[Stored entries]
━━━━

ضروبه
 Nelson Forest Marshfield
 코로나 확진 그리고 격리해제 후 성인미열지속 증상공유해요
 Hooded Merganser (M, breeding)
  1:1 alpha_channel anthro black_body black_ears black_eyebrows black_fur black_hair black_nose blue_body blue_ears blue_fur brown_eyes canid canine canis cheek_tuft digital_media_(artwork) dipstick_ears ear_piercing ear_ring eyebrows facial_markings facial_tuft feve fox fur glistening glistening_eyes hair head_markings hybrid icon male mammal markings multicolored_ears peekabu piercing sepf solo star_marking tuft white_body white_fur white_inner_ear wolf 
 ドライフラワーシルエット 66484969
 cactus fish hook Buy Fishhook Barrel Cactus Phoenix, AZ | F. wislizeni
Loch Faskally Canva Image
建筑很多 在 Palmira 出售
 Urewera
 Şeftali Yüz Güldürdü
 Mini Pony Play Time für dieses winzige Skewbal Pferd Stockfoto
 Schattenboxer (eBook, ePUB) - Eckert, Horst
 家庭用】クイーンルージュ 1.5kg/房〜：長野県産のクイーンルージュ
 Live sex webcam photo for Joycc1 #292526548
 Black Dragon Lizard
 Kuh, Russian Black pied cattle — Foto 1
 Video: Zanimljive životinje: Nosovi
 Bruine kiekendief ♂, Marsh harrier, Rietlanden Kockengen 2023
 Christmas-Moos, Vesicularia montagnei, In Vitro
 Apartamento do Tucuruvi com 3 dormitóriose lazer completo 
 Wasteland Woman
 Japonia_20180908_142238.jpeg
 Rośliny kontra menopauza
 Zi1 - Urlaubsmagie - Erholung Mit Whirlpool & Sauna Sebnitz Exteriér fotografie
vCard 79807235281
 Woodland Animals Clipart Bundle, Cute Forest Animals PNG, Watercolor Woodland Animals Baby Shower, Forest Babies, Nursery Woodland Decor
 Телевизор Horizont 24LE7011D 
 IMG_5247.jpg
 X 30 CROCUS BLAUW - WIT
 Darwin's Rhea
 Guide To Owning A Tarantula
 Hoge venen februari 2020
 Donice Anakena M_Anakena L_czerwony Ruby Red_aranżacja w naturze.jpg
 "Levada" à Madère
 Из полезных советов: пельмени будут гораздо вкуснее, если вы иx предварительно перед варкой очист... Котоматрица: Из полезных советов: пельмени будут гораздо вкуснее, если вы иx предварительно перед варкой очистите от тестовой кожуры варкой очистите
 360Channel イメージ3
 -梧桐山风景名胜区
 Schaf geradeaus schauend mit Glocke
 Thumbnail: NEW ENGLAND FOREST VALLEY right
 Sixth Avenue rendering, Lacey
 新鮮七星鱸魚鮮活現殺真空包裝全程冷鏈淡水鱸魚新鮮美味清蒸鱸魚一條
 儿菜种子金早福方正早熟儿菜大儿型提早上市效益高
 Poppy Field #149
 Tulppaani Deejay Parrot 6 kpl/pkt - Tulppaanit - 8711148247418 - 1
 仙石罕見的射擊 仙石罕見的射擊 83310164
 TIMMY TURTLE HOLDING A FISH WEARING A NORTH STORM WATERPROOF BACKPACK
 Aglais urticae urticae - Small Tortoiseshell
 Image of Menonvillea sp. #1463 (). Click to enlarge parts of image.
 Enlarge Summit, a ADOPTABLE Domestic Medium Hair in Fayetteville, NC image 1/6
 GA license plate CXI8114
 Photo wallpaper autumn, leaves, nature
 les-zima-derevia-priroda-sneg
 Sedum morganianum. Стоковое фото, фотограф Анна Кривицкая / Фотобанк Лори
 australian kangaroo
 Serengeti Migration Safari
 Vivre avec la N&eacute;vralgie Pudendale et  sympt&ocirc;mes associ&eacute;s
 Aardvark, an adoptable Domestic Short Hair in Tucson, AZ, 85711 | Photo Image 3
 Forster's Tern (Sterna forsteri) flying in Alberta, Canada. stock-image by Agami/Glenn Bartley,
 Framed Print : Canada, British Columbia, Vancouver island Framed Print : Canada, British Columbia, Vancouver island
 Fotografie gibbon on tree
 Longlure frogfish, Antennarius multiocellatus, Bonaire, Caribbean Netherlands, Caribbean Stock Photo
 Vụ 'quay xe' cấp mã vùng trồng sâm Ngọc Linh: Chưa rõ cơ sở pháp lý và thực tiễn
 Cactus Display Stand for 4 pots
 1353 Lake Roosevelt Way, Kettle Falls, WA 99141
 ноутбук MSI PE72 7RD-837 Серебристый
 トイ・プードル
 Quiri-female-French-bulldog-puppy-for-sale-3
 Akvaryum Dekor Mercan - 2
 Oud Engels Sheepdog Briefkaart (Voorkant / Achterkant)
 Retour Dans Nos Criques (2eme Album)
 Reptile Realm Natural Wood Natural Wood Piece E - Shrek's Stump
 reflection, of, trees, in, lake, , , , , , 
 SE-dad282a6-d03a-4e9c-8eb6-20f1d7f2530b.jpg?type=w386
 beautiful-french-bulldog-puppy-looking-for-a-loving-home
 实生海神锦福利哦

━━━━

## Task objective:
The entries above are to be retyped exactly.

## Answer below:
ضروبه
 Nelson Forest Marshfield
 코로나 확진 그리고 격리해제 후 성인미열지속 증상공유해요
 Hooded Merganser (M, breeding)
  1:1 alpha_channel anthro black_body black_ears black_eyebrows black_fur black_hair black_nose blue_body blue_ears blue_fur brown_eyes canid canine canis cheek_tuft digital_media_(artwork) dipstick_ears ear_piercing ear_ring eyebrows facial_markings facial_tuft feve fox fur glistening glistening_eyes hair head_markings hybrid icon male mammal markings multicolored_ears peekabu piercing sepf solo star_marking tuft white_body white_fur white_inner_ear wolf 
 ドライフラワーシルエット 66484969
 cactus fish hook Buy Fishhook Barrel Cactus Phoenix, AZ | F. wislizeni
Loch Faskally Canva Image
建筑很多 在 Palmira 出售
 Urewera
 Şeftali Yüz Güldürdü
 Mini Pony Play Time für dieses winzige Skewbal Pferd Stockfoto
 Schattenboxer (eBook, ePUB) - Eckert, Horst
 家庭用】クイーンルージュ 1.5kg/房〜：長野県産のクイーンルージュ
 Live sex webcam photo for Joycc1 #292526548
 Black Dragon Lizard
 Kuh, Russian Black pied cattle — Foto 1
 Video: Zanimljive životinje: Nosovi
 Bruine kiekendief ♂, Marsh harrier, Rietlanden Kockengen 2023
 Christmas-Moos, Vesicularia montagnei, In Vitro
 Apartamento do Tucuruvi com 3 dormitóriose lazer completo 
 Wasteland Woman
 Japonia_20180908_142238.jpeg
 Rośliny kontra menopauza
 Zi1 - Urlaubsmagie - Erholung Mit Whirlpool & Sauna Sebnitz Exteriér fotografie
vCard 79807235281
 Woodland Animals Clipart Bundle, Cute Forest Animals PNG, Watercolor Woodland Animals Baby Shower, Forest Babies, Nursery Woodland Decor
 Телевизор Horizont 24LE7011D 
 IMG_5247.jpg
 X 30 CROCUS BLAUW - WIT
 Darwin's Rhea
 Guide To Owning A Tarantula
 Hoge venen februari 2020
 Donice Anakena M_Anakena L_czerwony Ruby Red_aranżacja w naturze.jpg
 "Levada" à Madère
 Из полезных советов: пельмени будут гораздо вкуснее, если вы иx предварительно перед варкой очист... Котоматрица: Из полезных советов: пельмени будут гораздо вкуснее, если вы иx предварительно перед варкой очистите от тестовой кожуры варкой очистите
 360Channel イメージ3
 -梧桐山风景名胜区
 Schaf geradeaus schauend mit Glocke
 Thumbnail: NEW ENGLAND FOREST VALLEY right
 Sixth Avenue rendering, Lacey
 新鮮七星鱸魚鮮活現殺真空包裝全程冷鏈淡水鱸魚新鮮美味清蒸鱸魚一條
 儿菜种子金早福方正早熟儿菜大儿型提早上市效益高
 Poppy Field #149
 Tulppaani Deejay Parrot 6 kpl/pkt - Tulppaanit - 8711148247418 - 1
 仙石罕見的射擊 仙石罕見的射擊 83310164
 TIMMY TURTLE HOLDING A FISH WEARING A NORTH STORM WATERPROOF BACKPACK
 Aglais urticae urticae - Small Tortoiseshell
 Image of Menonvillea sp. #1463 (). Click to enlarge parts of image.
 Enlarge Summit, a ADOPTABLE Domestic Medium Hair in Fayetteville, NC image 1/6
 GA license plate CXI8114
 Photo wallpaper autumn, leaves, nature
 les-zima-derevia-priroda-sneg
 Sedum morganianum. Стоковое фото, фотограф Анна Кривицкая / Фотобанк Лори
 australian kangaroo
 Serengeti Migration Safari
 Vivre avec la N&eacute;vralgie Pudendale et  sympt&ocirc;mes associ&eacute;s
 Aardvark, an adoptable Domestic Short Hair in Tucson, AZ, 85711 | Photo Image 3
 Forster's Tern (Sterna forsteri) flying in Alberta, Canada. stock-image by Agami/Glenn Bartley,
 Framed Print : Canada, British Columbia, Vancouver island Framed Print : Canada, British Columbia, Vancouver island
 Fotografie gibbon on tree
 Longlure frogfish, Antennarius multiocellatus, Bonaire, Caribbean Netherlands, Caribbean Stock Photo
 Vụ 'quay xe' cấp mã vùng trồng sâm Ngọc Linh: Chưa rõ cơ sở pháp lý và thực tiễn
 Cactus Display Stand for 4 pots
 1353 Lake Roosevelt Way, Kettle Falls, WA 99141
 ноутбук MSI PE72 7RD-837 Серебристый
 トイ・プードル
 Quiri-female-French-bulldog-puppy-for-sale-3
 Akvaryum Dekor Mercan - 2
 Oud Engels Sheepdog Briefkaart (Voorkant / Achterkant)
 Retour Dans Nos Criques (2eme Album)
 Reptile Realm Natural Wood Natural Wood Piece E - Shrek's Stump
 reflection, of, trees, in, lake, , , , , , 
 SE-dad282a6-d03a-4e9c-8eb6-20f1d7f2530b.jpg?type=w386
 beautiful-french-bulldog-puppy-looking-for-a-loving-home
 实生海神锦福利哦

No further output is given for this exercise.